**How to complete this task:** When the string "designed" occurs in a line of the records, show that line.
════════════════════
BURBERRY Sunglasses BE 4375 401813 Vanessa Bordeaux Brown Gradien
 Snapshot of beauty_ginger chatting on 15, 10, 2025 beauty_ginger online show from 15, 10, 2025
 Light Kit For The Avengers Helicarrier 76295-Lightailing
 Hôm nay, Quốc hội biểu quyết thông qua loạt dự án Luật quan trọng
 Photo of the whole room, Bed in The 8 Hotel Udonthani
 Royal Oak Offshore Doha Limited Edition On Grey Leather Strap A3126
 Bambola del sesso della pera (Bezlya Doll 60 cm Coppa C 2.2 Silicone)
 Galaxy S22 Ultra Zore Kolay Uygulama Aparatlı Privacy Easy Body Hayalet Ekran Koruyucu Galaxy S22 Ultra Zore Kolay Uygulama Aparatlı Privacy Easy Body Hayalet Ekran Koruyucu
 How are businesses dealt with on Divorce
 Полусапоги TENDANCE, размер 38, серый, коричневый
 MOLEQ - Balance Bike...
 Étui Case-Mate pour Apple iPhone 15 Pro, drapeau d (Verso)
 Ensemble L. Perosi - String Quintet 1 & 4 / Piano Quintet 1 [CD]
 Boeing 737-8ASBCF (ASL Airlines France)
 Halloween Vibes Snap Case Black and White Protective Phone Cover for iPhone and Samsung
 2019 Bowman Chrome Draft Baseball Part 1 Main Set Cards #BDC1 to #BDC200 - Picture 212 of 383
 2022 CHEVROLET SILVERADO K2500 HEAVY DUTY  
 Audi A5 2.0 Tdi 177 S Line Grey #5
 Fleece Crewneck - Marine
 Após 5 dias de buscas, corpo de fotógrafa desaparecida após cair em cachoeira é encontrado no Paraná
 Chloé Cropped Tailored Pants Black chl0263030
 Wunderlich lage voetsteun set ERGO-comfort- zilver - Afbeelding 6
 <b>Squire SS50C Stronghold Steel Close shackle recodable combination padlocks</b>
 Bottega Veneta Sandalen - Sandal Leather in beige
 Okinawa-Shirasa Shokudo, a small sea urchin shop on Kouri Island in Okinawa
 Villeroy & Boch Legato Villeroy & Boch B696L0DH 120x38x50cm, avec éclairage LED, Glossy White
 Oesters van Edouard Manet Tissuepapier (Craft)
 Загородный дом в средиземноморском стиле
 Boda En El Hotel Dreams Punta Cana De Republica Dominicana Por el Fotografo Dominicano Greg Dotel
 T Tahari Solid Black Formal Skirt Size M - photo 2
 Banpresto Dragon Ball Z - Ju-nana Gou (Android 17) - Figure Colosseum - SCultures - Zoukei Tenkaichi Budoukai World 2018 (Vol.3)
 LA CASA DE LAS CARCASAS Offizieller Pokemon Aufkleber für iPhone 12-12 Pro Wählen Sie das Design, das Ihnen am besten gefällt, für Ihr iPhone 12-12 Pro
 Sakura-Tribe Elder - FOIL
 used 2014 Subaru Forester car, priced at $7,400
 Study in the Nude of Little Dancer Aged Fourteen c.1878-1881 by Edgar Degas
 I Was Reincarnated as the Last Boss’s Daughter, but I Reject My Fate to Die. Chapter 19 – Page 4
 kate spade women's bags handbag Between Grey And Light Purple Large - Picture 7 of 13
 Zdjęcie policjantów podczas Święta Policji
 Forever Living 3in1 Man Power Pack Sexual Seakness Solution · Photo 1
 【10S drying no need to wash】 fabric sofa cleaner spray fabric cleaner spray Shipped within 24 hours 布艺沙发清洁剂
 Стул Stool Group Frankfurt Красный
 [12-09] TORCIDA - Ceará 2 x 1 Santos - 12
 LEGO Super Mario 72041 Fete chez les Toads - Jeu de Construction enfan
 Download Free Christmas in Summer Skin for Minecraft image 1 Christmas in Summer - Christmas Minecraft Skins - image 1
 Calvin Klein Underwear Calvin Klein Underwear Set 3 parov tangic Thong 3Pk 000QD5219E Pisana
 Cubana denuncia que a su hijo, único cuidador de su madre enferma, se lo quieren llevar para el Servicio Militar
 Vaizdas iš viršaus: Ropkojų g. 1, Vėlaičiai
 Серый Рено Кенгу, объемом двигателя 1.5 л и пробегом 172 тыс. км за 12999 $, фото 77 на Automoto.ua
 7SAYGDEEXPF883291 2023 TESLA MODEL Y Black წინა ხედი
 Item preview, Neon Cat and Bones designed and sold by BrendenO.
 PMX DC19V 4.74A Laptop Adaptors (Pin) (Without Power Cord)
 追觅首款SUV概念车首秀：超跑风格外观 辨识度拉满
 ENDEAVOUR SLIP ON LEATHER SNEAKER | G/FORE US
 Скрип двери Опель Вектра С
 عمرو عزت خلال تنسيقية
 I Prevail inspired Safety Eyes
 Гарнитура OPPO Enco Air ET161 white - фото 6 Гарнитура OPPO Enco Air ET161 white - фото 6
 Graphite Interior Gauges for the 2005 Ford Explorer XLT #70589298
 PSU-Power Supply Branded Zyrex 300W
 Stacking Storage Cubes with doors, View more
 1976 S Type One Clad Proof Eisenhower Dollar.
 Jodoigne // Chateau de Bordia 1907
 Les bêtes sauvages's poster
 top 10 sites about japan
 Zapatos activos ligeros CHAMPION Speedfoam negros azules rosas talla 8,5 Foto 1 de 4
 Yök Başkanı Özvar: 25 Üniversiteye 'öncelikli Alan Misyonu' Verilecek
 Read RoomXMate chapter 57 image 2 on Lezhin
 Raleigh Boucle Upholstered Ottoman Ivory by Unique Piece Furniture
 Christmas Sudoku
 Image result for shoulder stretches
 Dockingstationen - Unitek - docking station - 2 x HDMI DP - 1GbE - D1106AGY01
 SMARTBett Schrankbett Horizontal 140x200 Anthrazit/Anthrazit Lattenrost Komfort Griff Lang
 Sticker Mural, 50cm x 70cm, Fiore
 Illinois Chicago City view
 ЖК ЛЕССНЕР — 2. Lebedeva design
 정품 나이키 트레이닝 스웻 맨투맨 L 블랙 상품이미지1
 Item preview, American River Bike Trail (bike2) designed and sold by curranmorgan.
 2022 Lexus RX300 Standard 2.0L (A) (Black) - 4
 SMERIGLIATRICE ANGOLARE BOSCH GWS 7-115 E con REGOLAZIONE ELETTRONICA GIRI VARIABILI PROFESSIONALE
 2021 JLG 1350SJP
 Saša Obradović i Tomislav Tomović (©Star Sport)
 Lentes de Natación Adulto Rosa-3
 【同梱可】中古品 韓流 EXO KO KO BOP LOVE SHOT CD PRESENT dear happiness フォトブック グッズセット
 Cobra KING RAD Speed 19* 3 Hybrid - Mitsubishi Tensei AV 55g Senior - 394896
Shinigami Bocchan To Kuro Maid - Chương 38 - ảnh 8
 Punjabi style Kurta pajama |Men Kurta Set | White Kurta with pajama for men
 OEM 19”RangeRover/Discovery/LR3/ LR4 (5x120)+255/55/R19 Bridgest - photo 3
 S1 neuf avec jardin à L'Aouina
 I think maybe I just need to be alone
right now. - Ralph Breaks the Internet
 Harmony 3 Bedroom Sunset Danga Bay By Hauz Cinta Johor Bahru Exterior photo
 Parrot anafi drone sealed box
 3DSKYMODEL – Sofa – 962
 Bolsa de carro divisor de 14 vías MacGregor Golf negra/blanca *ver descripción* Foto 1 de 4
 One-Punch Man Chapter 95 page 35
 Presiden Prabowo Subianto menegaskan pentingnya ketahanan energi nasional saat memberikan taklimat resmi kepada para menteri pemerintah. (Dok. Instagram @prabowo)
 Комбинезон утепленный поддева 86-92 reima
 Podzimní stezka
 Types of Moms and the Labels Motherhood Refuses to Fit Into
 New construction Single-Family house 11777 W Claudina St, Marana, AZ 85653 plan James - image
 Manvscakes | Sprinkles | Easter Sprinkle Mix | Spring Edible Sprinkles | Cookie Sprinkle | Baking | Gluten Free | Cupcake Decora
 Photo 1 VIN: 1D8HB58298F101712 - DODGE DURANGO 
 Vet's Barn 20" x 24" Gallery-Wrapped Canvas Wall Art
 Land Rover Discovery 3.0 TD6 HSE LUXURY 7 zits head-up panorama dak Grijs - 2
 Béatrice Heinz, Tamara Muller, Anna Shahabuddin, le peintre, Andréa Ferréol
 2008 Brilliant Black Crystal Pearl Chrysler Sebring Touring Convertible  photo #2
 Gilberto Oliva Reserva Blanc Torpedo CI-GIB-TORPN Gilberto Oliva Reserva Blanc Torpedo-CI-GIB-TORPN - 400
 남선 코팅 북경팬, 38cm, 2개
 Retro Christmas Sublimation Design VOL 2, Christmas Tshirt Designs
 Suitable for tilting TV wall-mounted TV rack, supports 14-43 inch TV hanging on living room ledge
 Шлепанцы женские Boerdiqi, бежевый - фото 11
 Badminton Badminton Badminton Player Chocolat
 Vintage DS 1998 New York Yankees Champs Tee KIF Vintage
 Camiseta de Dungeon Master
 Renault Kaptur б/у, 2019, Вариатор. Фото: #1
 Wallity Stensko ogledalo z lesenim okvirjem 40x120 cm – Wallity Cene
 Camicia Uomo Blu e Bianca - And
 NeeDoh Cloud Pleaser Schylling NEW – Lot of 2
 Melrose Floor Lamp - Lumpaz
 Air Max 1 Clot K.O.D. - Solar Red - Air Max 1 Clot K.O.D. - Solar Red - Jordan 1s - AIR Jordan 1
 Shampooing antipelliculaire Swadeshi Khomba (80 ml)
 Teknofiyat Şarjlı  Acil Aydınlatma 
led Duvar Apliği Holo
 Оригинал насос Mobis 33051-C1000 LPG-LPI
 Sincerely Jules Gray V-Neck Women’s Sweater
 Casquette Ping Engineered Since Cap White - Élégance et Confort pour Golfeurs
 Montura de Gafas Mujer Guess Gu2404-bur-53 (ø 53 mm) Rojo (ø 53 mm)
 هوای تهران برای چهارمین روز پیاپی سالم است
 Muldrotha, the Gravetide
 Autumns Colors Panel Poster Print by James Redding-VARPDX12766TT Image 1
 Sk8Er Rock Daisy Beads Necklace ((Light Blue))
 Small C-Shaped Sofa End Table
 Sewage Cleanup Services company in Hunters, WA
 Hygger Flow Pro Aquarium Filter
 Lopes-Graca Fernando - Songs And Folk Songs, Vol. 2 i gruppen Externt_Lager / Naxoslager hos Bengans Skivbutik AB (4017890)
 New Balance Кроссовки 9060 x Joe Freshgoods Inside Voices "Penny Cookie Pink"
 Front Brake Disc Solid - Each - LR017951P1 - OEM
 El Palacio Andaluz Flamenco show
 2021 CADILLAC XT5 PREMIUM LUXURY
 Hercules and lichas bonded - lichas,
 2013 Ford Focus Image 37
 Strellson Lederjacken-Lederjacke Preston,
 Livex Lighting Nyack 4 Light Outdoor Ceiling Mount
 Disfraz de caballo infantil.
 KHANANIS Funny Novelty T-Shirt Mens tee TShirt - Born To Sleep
════════════════════
**Written reply:**
 Item preview, Neon Cat and Bones designed and sold by BrendenO.
 Item preview, American River Bike Trail (bike2) designed and sold by curranmorgan.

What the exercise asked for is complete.